Here is a "pretty" version of the code the *soup* objects contains ("pretty" might be an overstatement.) Now that we've confirmed our data has been successfully fetched and stored in *soup*, it's time to move on to Step 2.

### Step 2: Transform our web scraped data (give it structure, identify the important elements, run analyses, etc.)

What is our goal in scraping data from Nowviskie's blog?

This step requires that we have some underlying idea of what's important to us and how we intend to use this data. It may help to imagine what we want our output to look like (although we may revise this as our code gets more complicated, as we'll see). Let's imagine our goal in this case is:

* Generate a table with the most recent blog posts
* For now, we want to capture the *post title*, *post summary text*, and *link to the full blog post*

We can imagine this output as a table in .csv format, which includes heading labels, and each post represented as a single row.

Let's get started. First, we need to look at our website and understand how it's organized. To do this, we can use a number of methods, I prefer to use the "Inspect Element" feature on either Firefox or Chrome.

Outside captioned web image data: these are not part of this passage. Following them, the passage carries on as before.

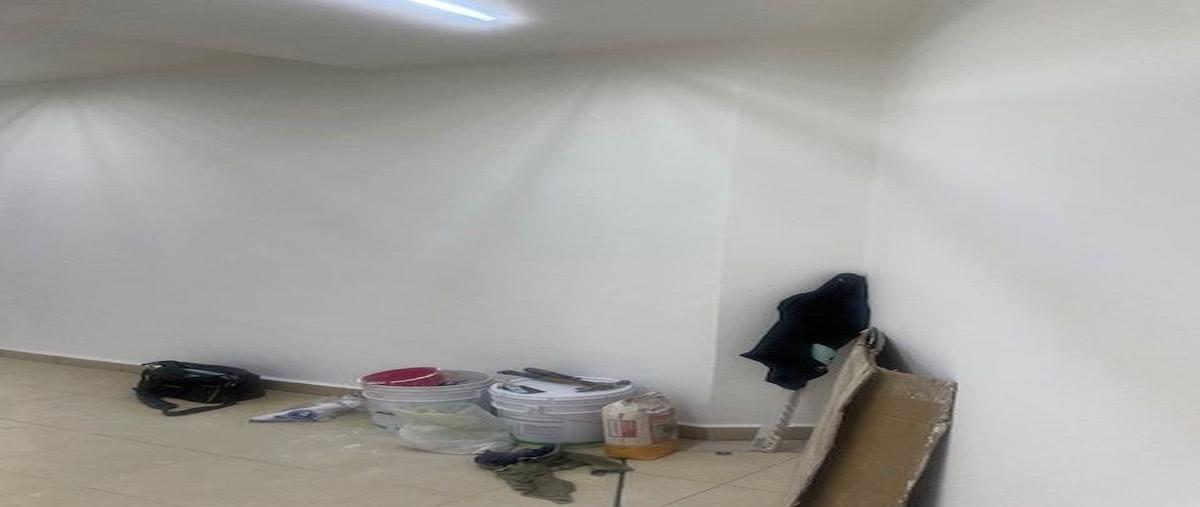 Foto de local en renta en avenida insurgentes , roma sur, cuauhtémoc, df / cdmx, 29415372 No. 03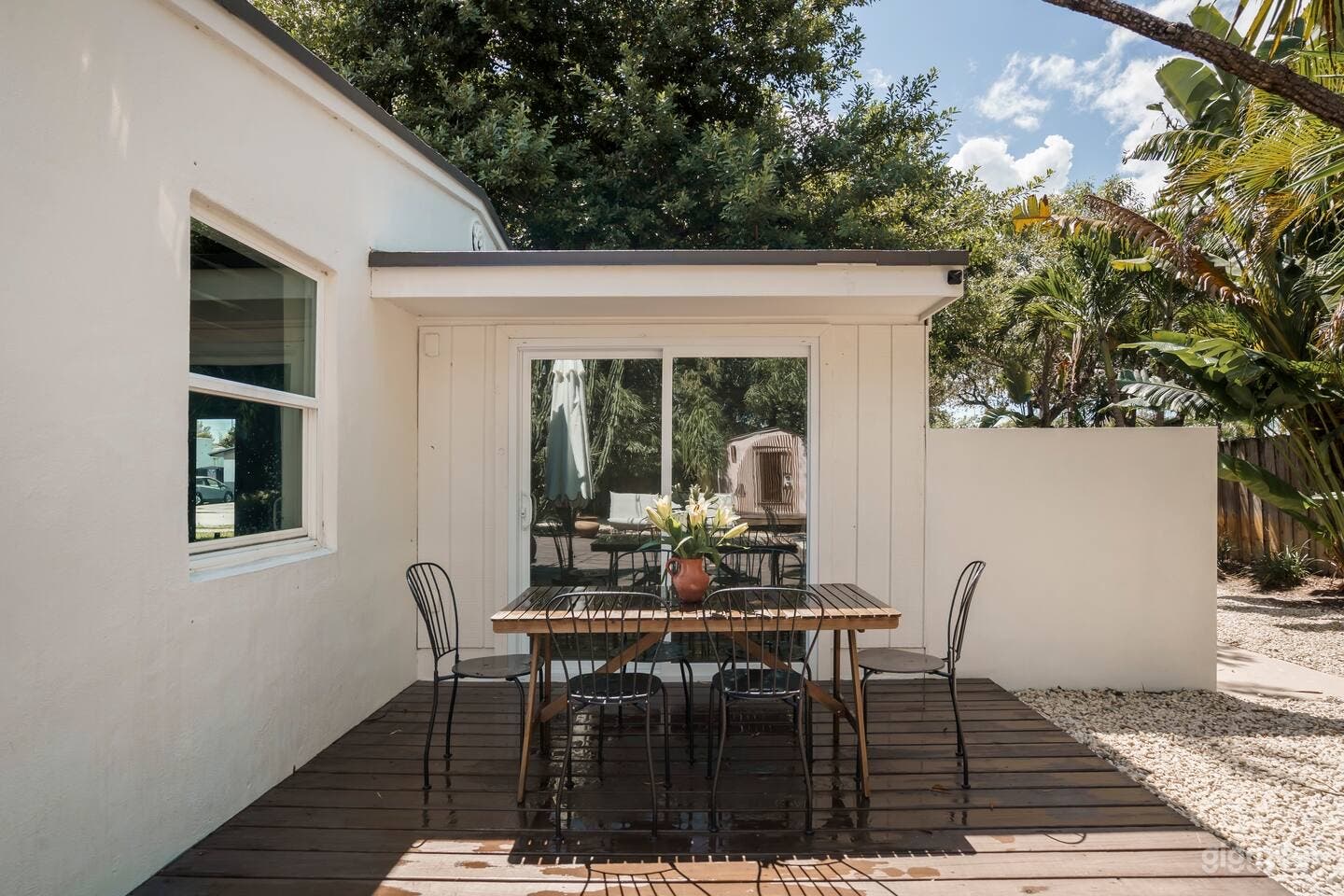 Villa Lumi - @_lumicollection Photo 4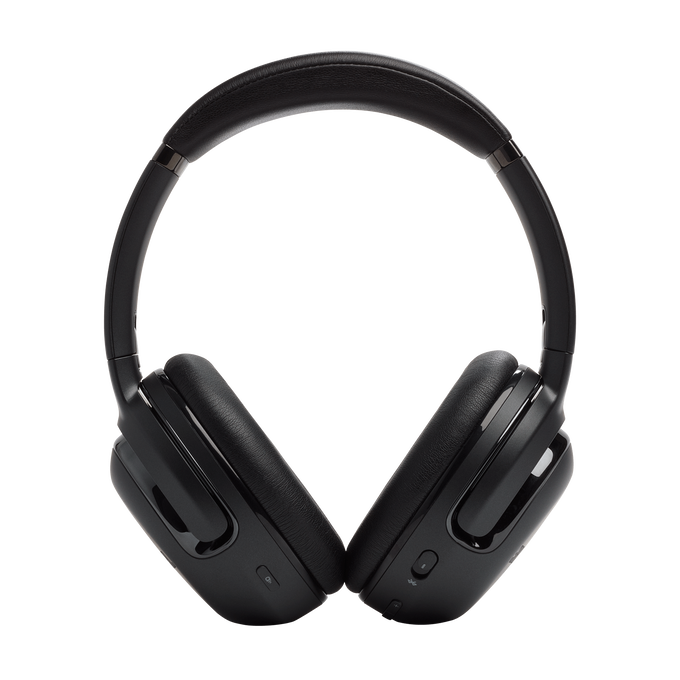 JBL Tour One M2 | Draadloze over-ear koptelefoon met ruisonderdrukking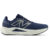 New Balance FuelCell Propel v5 Homme Bleu
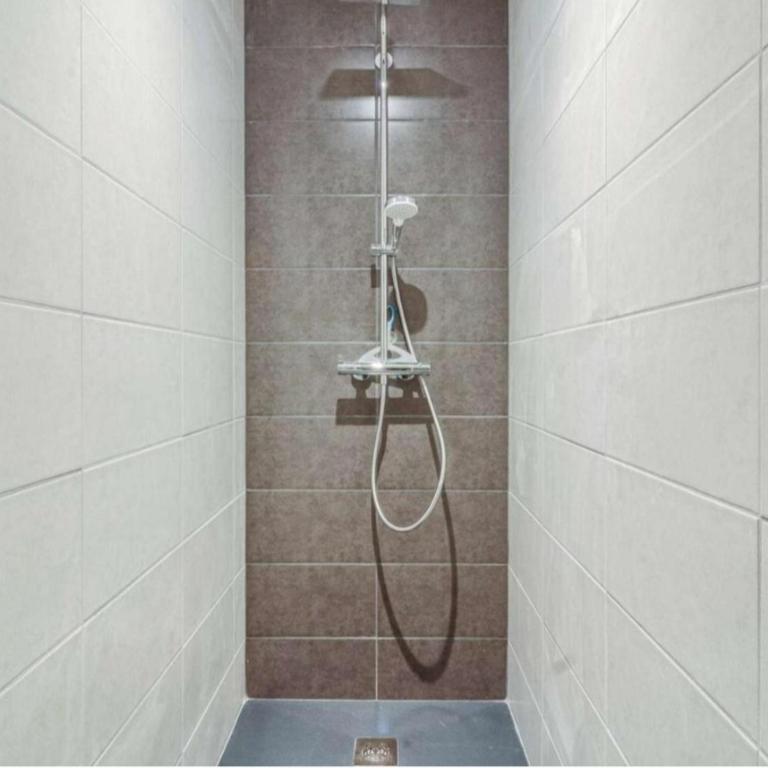 Ceriflor-Le Vignemale - Appartamento con 2 Camere da Letto - 8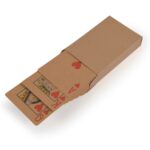 Chase Recycled Playing Cards - 62851_130297.jpg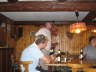 Htenwochenende Laurenzius-Hsle 2007 025
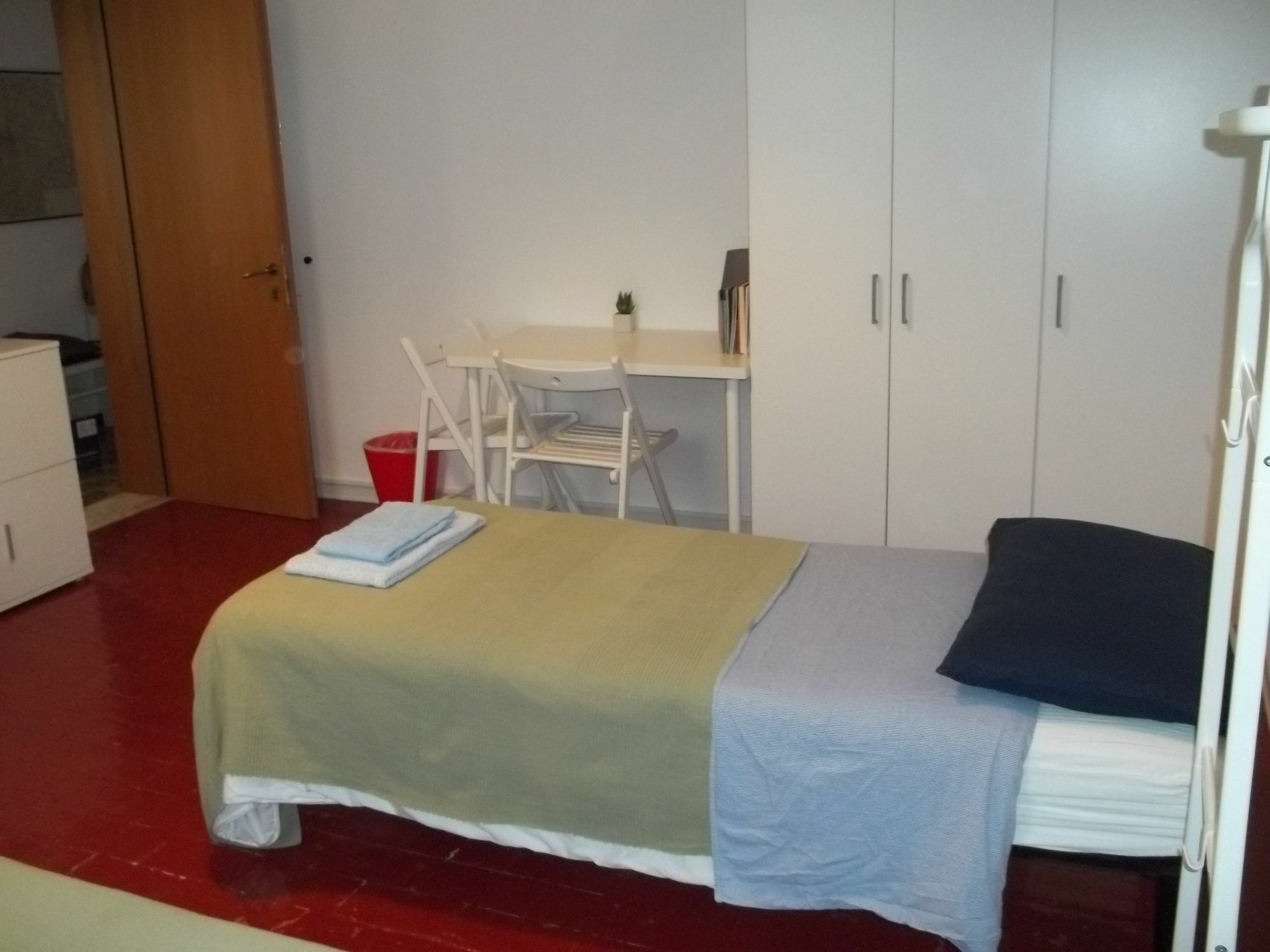 A Casa Vittoria Bed and Breakfast Καζαλέκιο ντι Ρένο Εξωτερικό φωτογραφία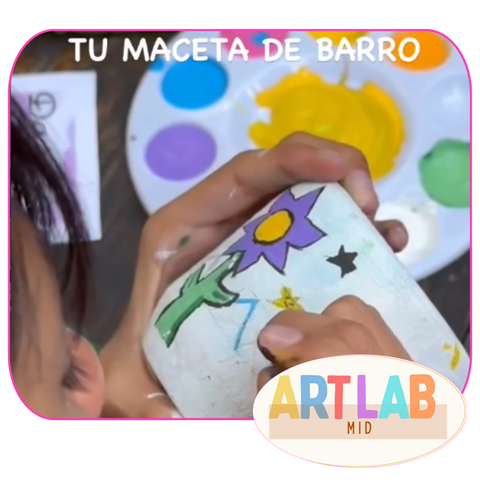 ArtLab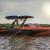 2015 Malibu wakesetter 247lsv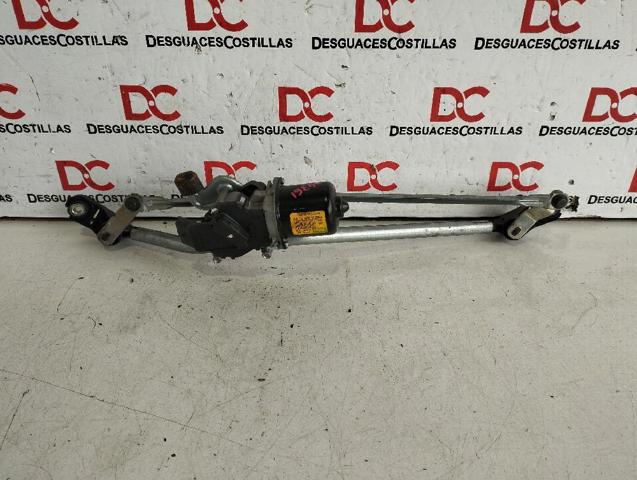 54001902 Motor limpiaparabrisas comprar Almería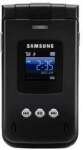 Samsung D810 price & specification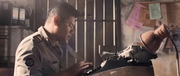 кадр из фильма Марлина, убийца в четырёх актах (Marlina si pembunuh dalam empat babak) - 5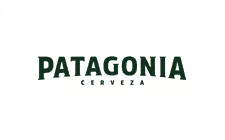 Patagonia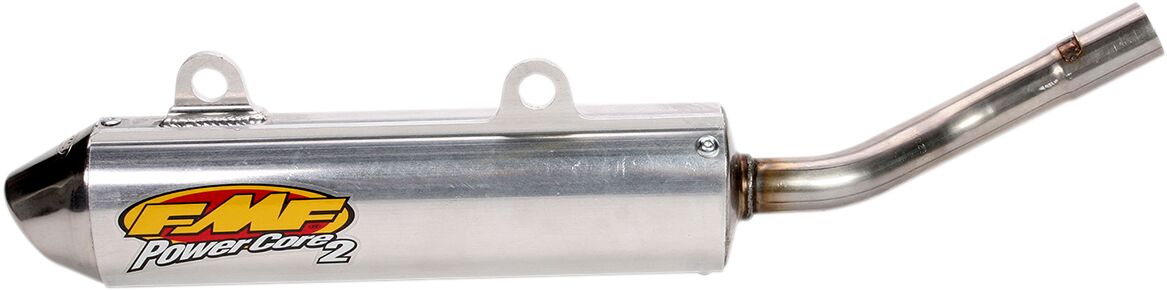 FMF020236_01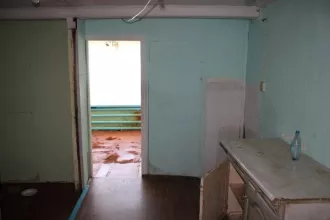 Жилой дом блокированной застройки, кадастровый номер: 24:34:0010129:453, расположенный по адресу: Красноярский край, Северо-Енисейский район, гп Северо-Енисейский, ул. Южная, дом 8/1 и земельный участок, кадастровый номер: 24:34:0010129:242, расположенный по адресу: Красноярский край…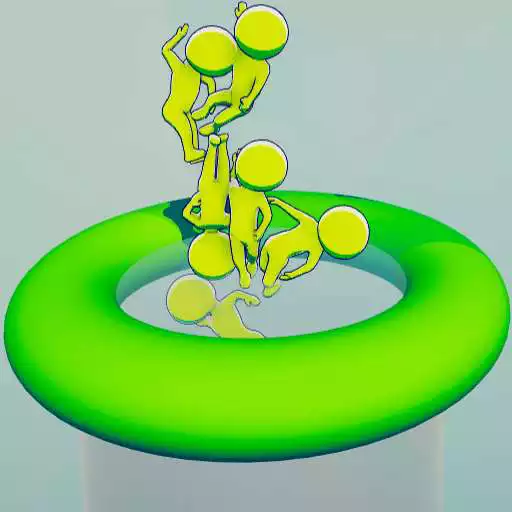 Play Pull And Rotate APK Play Pull And Rotate APK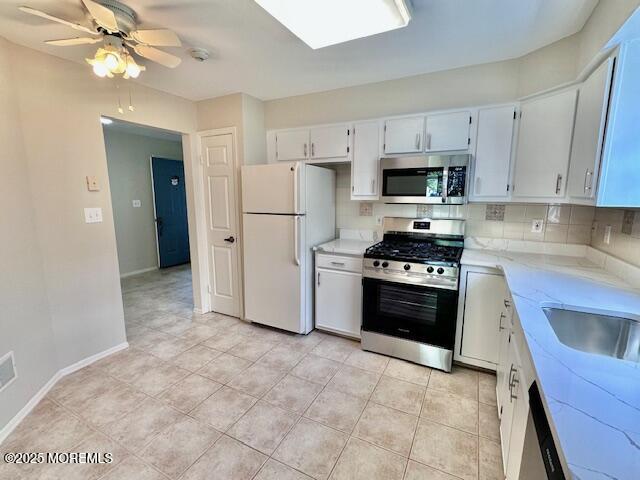 13 Ashbourne Drive #13B, Monroe Township, New Jersey image 8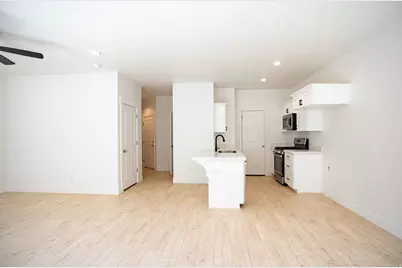 682 N 500 E Lot #117 E, Salem, UT 84653 - Photo 4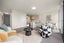 7/387 Parnell Road, Parnell, Auckland - Carousel 4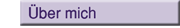 ITEN Nails nageldesign fingernägel fingernagel acrylnägel maniküre nailart nagelstudio beauty nageldesign pediküre nagelpflege french Fussmassage Modellage Gel Technik Refill Manicure Pedicure Kunstnägel Schablonentechnik Nagelverstärkung Nail Art Auffüllen Nagelreparatur itennails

// **As a group, explore the HTML document and learn how blog posts are structured.** //

We should have discovered a **tag type** and a **class** for each individual blog post on the website.

The **.find_all() method** in our BeautifulSoup object (*soup*) allows us to create a subset of HTML tags and related data that match a search condition. The output of find_all() will be a list of tags that match these conditions. Let's generate a list of blog posts using this method:

In [None]:
# In the text below, replace CLASS_TYPE with values for blog posts
# Note that you must surround this value with quotations, e.g."name_of_class"

articles = soup.find_all('div', class_="CLASS_TYPE")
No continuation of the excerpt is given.